Where ERICA could hit paydirt is in the marketing of its tools for eye-gaze analysis.

Internet companies, for example, could use the technology to determine the best place to position ads on the computer screen. And there is always the tantalizing possibility that one of the big computer players could buy ERICA.

The company's Web site (ericainc.com) describes ERICA's GazeTracker system as a "unique solution for climbing inside of a customer's head in order to see what they are looking at and what they truly think of what they see."

"By examining the patterns of eye response and movement, this innovative system has provided researchers with physical evidence to associate pupil dilation with emotion. The possibilities for eye-gaze technology are limitless. And ERICA is leading the way."

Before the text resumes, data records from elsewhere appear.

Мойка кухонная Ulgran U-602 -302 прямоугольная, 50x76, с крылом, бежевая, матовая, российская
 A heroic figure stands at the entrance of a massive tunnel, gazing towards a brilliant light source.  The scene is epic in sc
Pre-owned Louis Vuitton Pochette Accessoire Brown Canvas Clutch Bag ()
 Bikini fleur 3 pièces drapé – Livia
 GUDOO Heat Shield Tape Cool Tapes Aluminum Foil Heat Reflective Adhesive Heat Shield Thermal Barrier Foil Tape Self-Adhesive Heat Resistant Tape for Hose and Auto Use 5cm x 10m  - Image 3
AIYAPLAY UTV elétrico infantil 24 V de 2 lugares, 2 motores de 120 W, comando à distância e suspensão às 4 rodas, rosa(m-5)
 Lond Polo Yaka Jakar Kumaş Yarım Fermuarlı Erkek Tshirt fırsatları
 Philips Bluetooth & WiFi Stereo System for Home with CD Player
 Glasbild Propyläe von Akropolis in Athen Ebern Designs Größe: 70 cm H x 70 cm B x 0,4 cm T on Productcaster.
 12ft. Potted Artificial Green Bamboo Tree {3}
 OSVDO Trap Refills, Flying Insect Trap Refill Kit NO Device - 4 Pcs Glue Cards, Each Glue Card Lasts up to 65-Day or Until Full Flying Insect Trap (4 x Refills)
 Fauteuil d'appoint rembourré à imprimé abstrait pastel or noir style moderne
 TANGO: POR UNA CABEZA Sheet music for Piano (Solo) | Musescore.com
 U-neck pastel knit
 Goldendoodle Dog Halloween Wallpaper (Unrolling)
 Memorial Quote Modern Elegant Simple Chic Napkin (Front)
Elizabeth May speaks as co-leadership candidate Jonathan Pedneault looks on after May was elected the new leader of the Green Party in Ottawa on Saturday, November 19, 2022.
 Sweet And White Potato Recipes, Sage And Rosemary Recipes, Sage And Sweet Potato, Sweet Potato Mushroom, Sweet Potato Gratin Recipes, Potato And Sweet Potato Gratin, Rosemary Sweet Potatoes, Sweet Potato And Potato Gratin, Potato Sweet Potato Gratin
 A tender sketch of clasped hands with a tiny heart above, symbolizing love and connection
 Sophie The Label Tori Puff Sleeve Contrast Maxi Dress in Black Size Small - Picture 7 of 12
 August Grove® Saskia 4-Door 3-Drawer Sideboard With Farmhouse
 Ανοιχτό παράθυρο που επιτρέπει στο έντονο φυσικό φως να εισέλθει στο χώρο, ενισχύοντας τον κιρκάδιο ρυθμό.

LC Technologies' Lahoud, who partnered with Hutchinson in the early days of ERICA and remains a friendly competitor, said he believes Hutchinson can succeed only if he expands ERICA beyond a student-run company.

"We know that if this technology is going to explode, we have to get resources into our company," said Lahoud. Hutchinson, he said, would have to do the same.

"This technology is definitely going to occur in some shape or form," said Lankford. "Whether or not it's ERICA remains to be seen. I definitely think it's a race, but it's foggy out there. You don't know who's doing what."

At 64, the peripatetic Hutchinson still believes there are plenty of ideas to explore. He has a house at Kiawah Island and entertains the notion of holding a joint professorship - at UVa and at a South Carolina institution.

Then, he said, he might bring part of ERICA Inc. home, somewhere within shouting distance of that football field where it all began.